Cette recension a été publiée dans le numéro d’hiver de Politique étrangère
(n° 4/2018)
. Giuseppe Bianco propose une analyse de l’ouvrage dirigé par Giuseppe Eusepi et Richard E. Wagner, Debt Default and Democracy (Edward Elgar, 2018, 224 pages).

Quelle relation entre dette publique et démocratie ? Voilà la vaste question à laquelle tente de répondre cet ouvrage collectif, qui résulte des analyses menées au sein de l’European Center for the Study of Public Choice de l’université La Sapienza de Rome. Les chapitres adoptent une perspective microéconomique visant à examiner la rationalité individuelle devant les choix budgétaires (première partie) ou une approche macro, qui se penche sur les propriétés systémiques des actions individuelles dans le cadre d’un système démocratique d’économie politique (seconde partie). Le regard se concentre sur l’Union européenne, et surtout sur la zone euro, avec des comparaisons à l’échelle mondiale.

La dette publique peut parfois être créée pour de bonnes raisons : elle peut par exemple financer les politiques pour combattre le réchauffement climatique. Ainsi, les générations futures, qui profiteront des effets positifs de ces actions, payeront les impôts nécessaires pour rembourser les prêts.

Toutefois, l’essentiel du livre se concentre sur les effets négatifs d’une dette publique excessive. Bien qu’il n’y ait pas de seuil universel du rapport dette/produit intérieur brut au-delà duquel la croissance économique diminue, des niveaux trop élevés peuvent réduire la demande intérieure, provoquer des crises de liquidité, limiter l’autonomie de la politique monétaire et la marge de manœuvre pour la politique fiscale. De surcroît, la possibilité d’un cercle vicieux entre crises de la dette publique et crises bancaires demeure.

Parmi les sujets abordés, la proposition de donner au bail-in (la participation des créanciers privés aux pertes dues à une décote) le même rang que celui qui est donné à la proscription du bail-out (sauvetage public) dans les traités européens. Néanmoins, cela pourrait ne pas suffire, puisqu’on montre ici que les citoyens d’un pays opposés au bail-out d’un pays étranger n’ont pas les moyens de l’empêcher. L’interdiction posée par les règles constitutionnelles ou européennes peut être contournée par une interprétation plus souple ; la Banque centrale étant indépendante, elle peut soutenir un pays étranger au bord de la faillite ; et une organisation internationale (par exemple le Fonds monétaire international) peut offrir son assistance.

De manière plus générale, du livre ressort un consensus sur la nécessité d’améliorer le cadre juridique existant pour réduire la dette publique et gérer les problèmes liés au surendettement. Le manque d’initiative actuel donne lieu à des signaux ambigus, qui engendrent des coûts importants en termes d’attentes des acteurs du marché.
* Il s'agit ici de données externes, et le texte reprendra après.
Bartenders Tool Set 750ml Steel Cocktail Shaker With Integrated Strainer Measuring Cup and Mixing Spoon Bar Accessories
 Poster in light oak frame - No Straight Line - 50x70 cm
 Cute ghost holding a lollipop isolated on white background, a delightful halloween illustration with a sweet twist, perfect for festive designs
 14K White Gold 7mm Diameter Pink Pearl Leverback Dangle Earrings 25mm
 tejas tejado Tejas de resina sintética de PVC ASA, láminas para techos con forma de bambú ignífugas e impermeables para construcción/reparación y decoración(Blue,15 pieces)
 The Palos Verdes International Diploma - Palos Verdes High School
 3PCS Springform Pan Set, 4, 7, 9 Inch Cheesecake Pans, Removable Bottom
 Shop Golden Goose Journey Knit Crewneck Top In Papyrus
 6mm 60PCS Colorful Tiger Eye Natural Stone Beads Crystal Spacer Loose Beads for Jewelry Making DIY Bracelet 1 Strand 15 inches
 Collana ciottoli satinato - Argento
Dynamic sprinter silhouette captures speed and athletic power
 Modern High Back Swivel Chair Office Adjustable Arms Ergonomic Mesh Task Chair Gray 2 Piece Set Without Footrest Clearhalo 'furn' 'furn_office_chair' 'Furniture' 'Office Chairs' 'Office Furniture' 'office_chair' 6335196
Sur le contenu des règles à introduire, en revanche, le débat qui se développe entre les différentes thèses est riche et franc. On relèvera une certaine tendance à suivre les frontières nationales des pays d’origine des chercheurs. D’une part, certains chapitres prônent l’introduction de règles pour mieux gérer les crises de dette souveraine. D’autre part, on met en avant l’importance de centraliser au niveau de la zone euro le pouvoir budgétaire, l’Union n’étant, autrement, qu’une agrégation de pays fragiles et instables. En d’autres termes, le dilemme est entre la poursuite des politiques visant à réduire les risques et le renforcement de la mutualisation des risques. Avancer sur les deux fronts sera essentiel pour assurer l’avenir de la zone euro.